El señor Gray, doblando la larga montura como si fuera una delicada pieza de óptica, un calibrador, pongamos, un gran compás de madera, se sentó en la vieja butaca que había junto a la estufa. Esa butaca, su butaca, estaba tapizada de una tela gastada y deshilachada que parecía pelo de ratón, y se la veía aún más agotada que su ocupante, hundido en las profundidades de su asiento e inclinándose como ebrio hacia un rincón, donde faltaba una ruedecilla. La señora Gray le llevó el vaso de whisky de la mesa y de nuevo se lo puso en la mano, ahora con más ternura, y de nuevo él le dio las gracias con su dolorosa sonrisa de enfermo. A continuación ella retrocedió, las manos entrelazadas bajo el pecho, y lo contempló con un aire impotente y preocupado. Así parecían ser siempre las cosas entre ellos, él al final de algún recurso vital que sólo con el mayor esfuerzo era capaz de reponer, y ella siempre dispuesta a ayudarle, pero sin saber cómo.
¿Dónde está Billy? Le he perdido la pista. ¿Cómo —vuelvo a preguntar—, cómo no se dio cuenta de lo que había entre su madre y yo? ¿Cómo es posible que nadie lo viera? Pero la respuesta es sencilla. Vieron lo que esperaban ver, y no vieron lo que no esperaban. De todos modos, ¿de qué me admiro? Estoy seguro de que yo no era más perspicaz que ellos. Esa clase de miopía es endémica.
Antigua luz. John Banville.

El año nuevo siempre me pilla desprevenida, como si la Navidad fuesen fechas aleatorias que se introdujesen en un bombo y cada año tocase celebrarla un mes diferente. Y no, esos días permanecen inalterables en el calendario y, sin embargo, nunca me encuentran preparada… excepto este diciembre. No me digas, diréis vosotros. Comprendo vuestro escepticismo, ¿por qué iba a querer nadie planificar una época que cada vez le gusta menos? ¡pues por eso precisamente, para que no me ataque a traición!

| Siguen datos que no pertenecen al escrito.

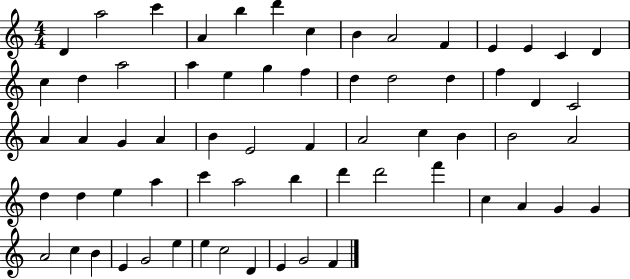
X:1
T:Untitled
M:4/4
L:1/4
K:C
D a2 c' A b d' c B A2 F E E C D c d a2 a e g f d d2 d f D C2 A A G A B E2 F A2 c B B2 A2 d d e a c' a2 b d' d'2 f' c A G G A2 c B E G2 e e c2 D E G2 F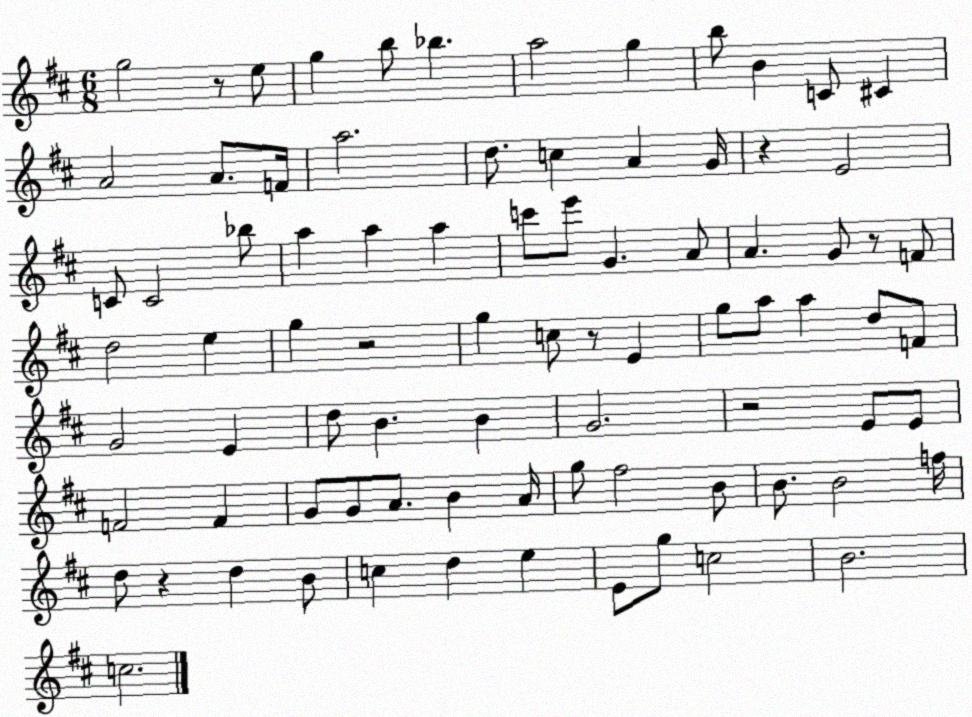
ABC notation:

X:1
T:Untitled
M:6/8
L:1/4
K:D
g2 z/2 e/2 g b/2 _b a2 g b/2 B C/2 ^C A2 A/2 F/4 a2 d/2 c A G/4 z E2 C/2 C2 _b/2 a a a c'/2 e'/2 G A/2 A G/2 z/2 F/2 d2 e g z2 g c/2 z/2 E g/2 a/2 a d/2 F/2 G2 E d/2 B B G2 z2 E/2 E/2 F2 F G/2 G/2 A/2 B A/4 g/2 ^f2 B/2 B/2 B2 f/4 d/2 z d B/2 c d e E/2 g/2 c2 B2 c2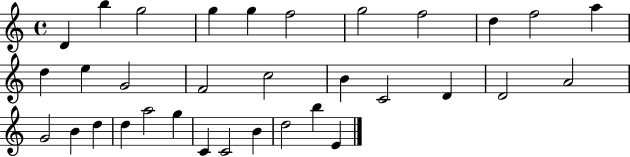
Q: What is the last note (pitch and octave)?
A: E4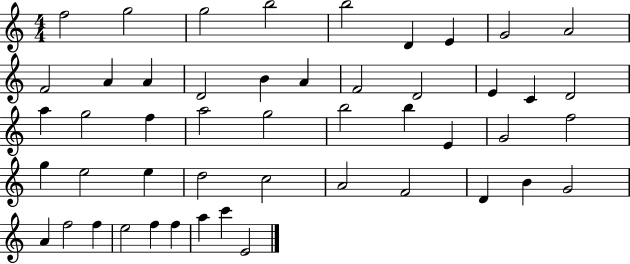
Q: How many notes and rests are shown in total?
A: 49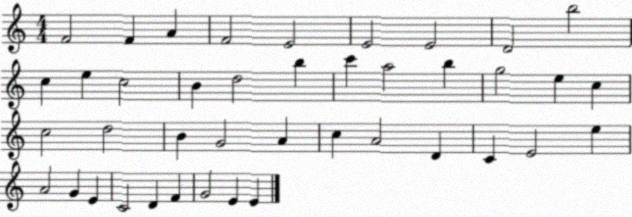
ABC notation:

X:1
T:Untitled
M:4/4
L:1/4
K:C
F2 F A F2 E2 E2 E2 D2 b2 c e c2 B d2 b c' a2 b g2 e c c2 d2 B G2 A c A2 D C E2 e A2 G E C2 D F G2 E E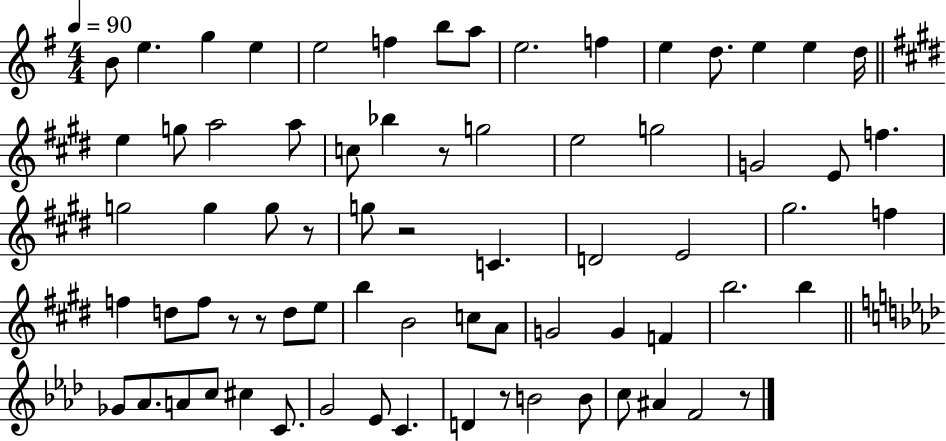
{
  \clef treble
  \numericTimeSignature
  \time 4/4
  \key g \major
  \tempo 4 = 90
  \repeat volta 2 { b'8 e''4. g''4 e''4 | e''2 f''4 b''8 a''8 | e''2. f''4 | e''4 d''8. e''4 e''4 d''16 | \break \bar "||" \break \key e \major e''4 g''8 a''2 a''8 | c''8 bes''4 r8 g''2 | e''2 g''2 | g'2 e'8 f''4. | \break g''2 g''4 g''8 r8 | g''8 r2 c'4. | d'2 e'2 | gis''2. f''4 | \break f''4 d''8 f''8 r8 r8 d''8 e''8 | b''4 b'2 c''8 a'8 | g'2 g'4 f'4 | b''2. b''4 | \break \bar "||" \break \key aes \major ges'8 aes'8. a'8 c''8 cis''4 c'8. | g'2 ees'8 c'4. | d'4 r8 b'2 b'8 | c''8 ais'4 f'2 r8 | \break } \bar "|."
}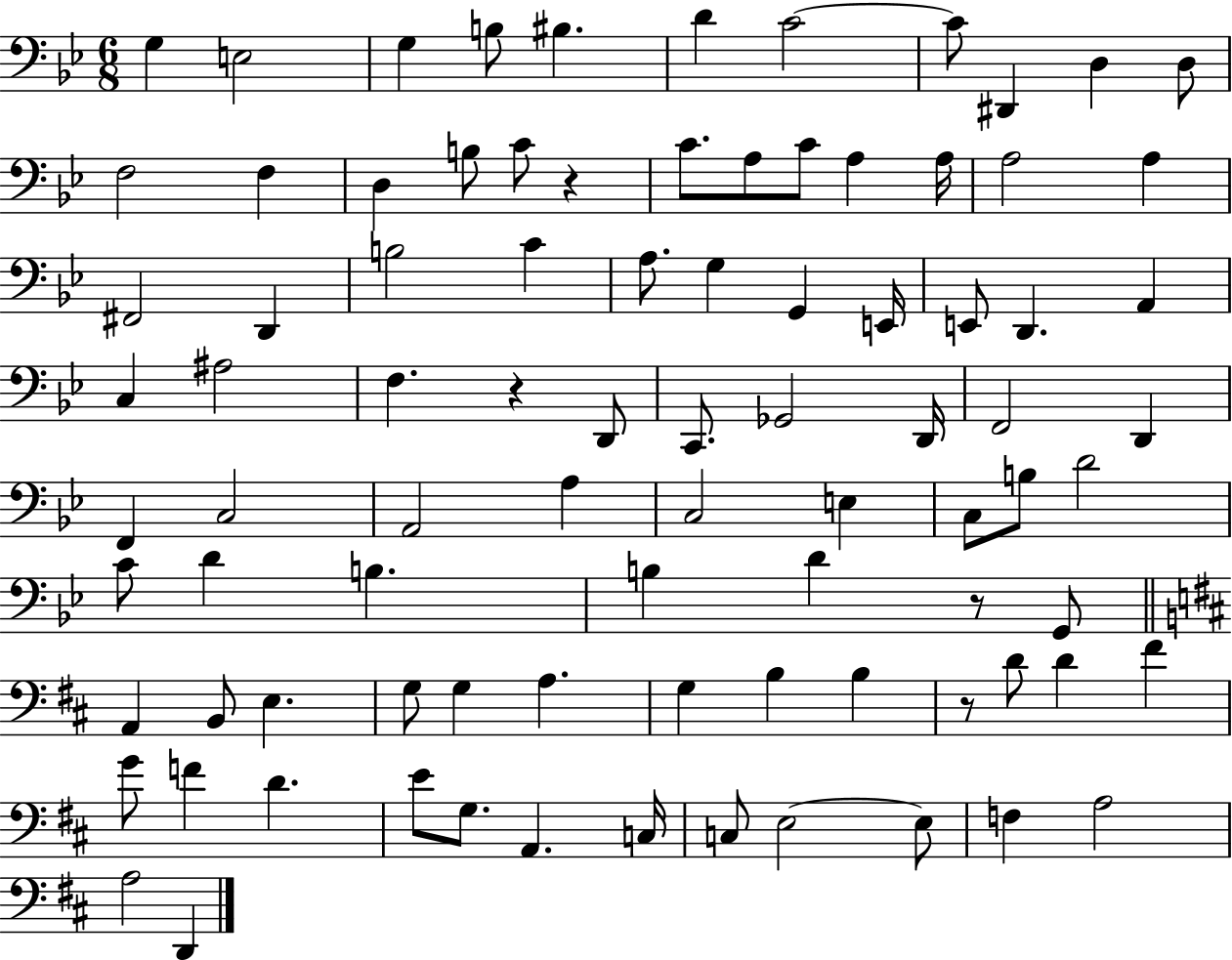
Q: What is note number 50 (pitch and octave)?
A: C3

Cumplo los años al poco de sonar las campanadas y aunque hace tiempo que traspasé esa frontera en la que las probabilidades de vivir más de lo ya vivido son escasas, no fui consciente de ello hasta hace unos días. No me digas, volveréis a decir, los que no me conozcáis, y no sepáis nada de mi desordenada vida. Pues sí. Me he dado cuenta de la velocidad a la que me alejo del fiel de la balanza y justamente por ese motivo quiero que mis propósitos para 2018 sean más reflexivos y más factibles, para que no se queden en un pensamiento, en un deseo y adquieran -como ya ha pasado en alguna afortunada ocasión- el rango de movimiento, de acción.

Todos tenemos una historia que contar –algunos tienen varias, pero son los menos-. Una historia que no contamos, la mayoría de las veces, por puro desconocimiento. Yo necesito descubrir la mía, entresacar lo bueno de entre el montón de cosas intrascendentes que me rodean. No se me ocurre otra forma de hacerlo que detenerme, no ralentizar el ritmo, no, ¡pararme del todo, sentarse, apagar el móvil, salir del ordenador, coger un papel y ponerme a escribir hasta que la encuentre!

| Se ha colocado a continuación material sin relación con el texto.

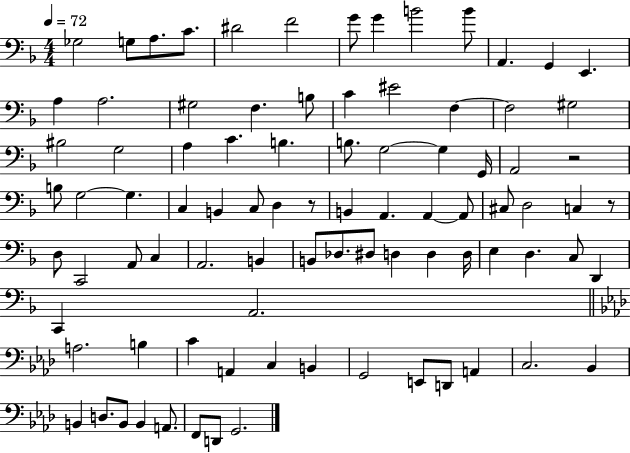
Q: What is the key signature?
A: F major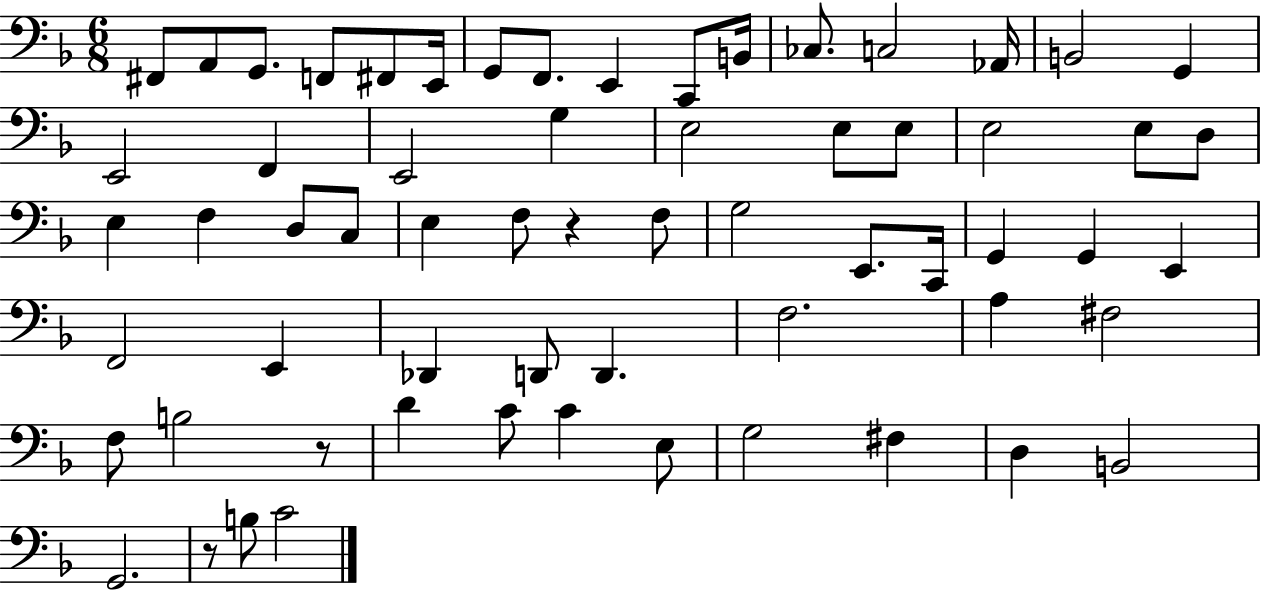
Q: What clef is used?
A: bass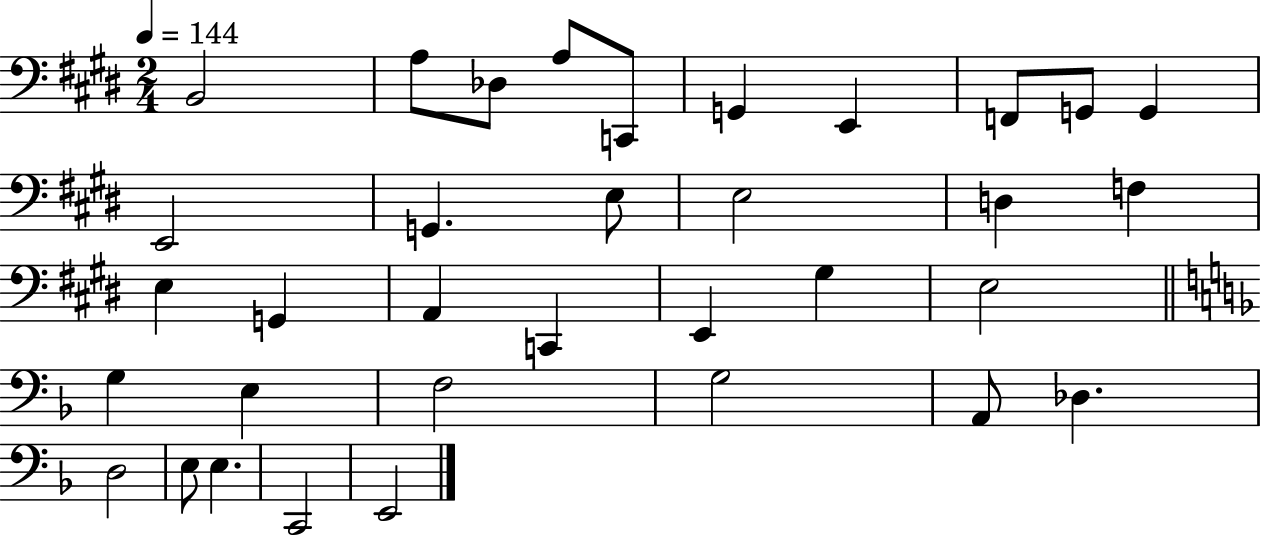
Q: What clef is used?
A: bass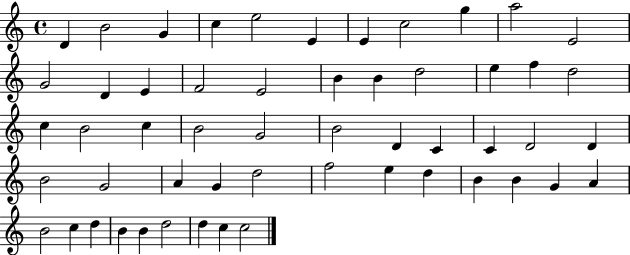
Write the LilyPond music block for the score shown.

{
  \clef treble
  \time 4/4
  \defaultTimeSignature
  \key c \major
  d'4 b'2 g'4 | c''4 e''2 e'4 | e'4 c''2 g''4 | a''2 e'2 | \break g'2 d'4 e'4 | f'2 e'2 | b'4 b'4 d''2 | e''4 f''4 d''2 | \break c''4 b'2 c''4 | b'2 g'2 | b'2 d'4 c'4 | c'4 d'2 d'4 | \break b'2 g'2 | a'4 g'4 d''2 | f''2 e''4 d''4 | b'4 b'4 g'4 a'4 | \break b'2 c''4 d''4 | b'4 b'4 d''2 | d''4 c''4 c''2 | \bar "|."
}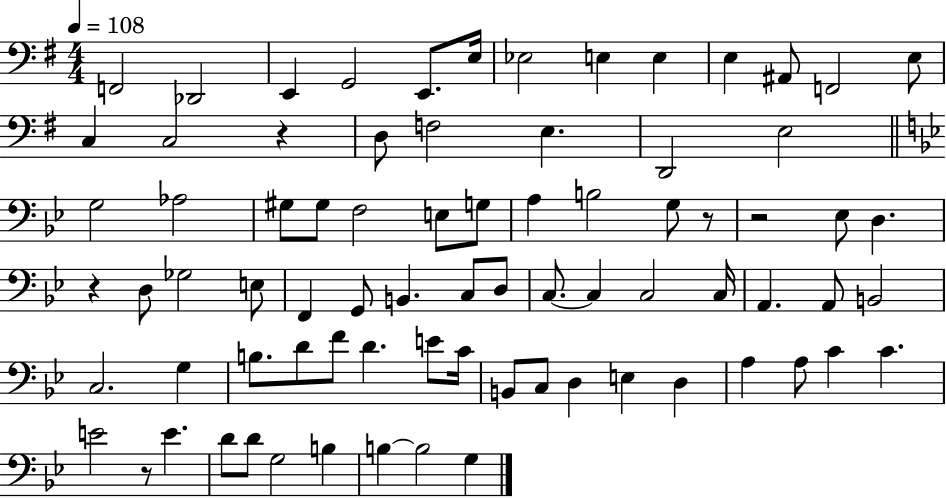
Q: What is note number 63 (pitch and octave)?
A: C4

Primer propósito para el próximo año: escribir cada día, a mano, en una libreta a la que se irán añadiendo otras, lo que voy aprendiendo. No el zumo resultante de triturar lo que me ha pasado ese día y pasarlo luego por el chino, eso no, ¡nada de medias aritméticas! Escribir solo sobre lo que queda de auténtico tras lo evidente, sobre lo bueno que se esconde tras lo peor, sobre lo que emociona aun sin ser emocionante, sobre lo que querría saber de mí si algún día la vida -Dios no lo quiera- me sitúa ante las puertas del olvido.

La vida cotidiana nos envuelve, como lo hace el azul profundo y transparente del cielo nocturno y el que suceda cada día y cada noche no debería restarle importancia.

En un año como el que acabará este mes, en el que hemos publicado nuestra inevitable primera novela -alguien dijo que todas las primeras novelas lo son-, el propósito que encabece mi particular lista no puede ser otro que seguir escribiendo, más, mucho más, hasta reunir el valor indispensable para escribir la segunda.

La voluntad ya la tengo, que no es poco.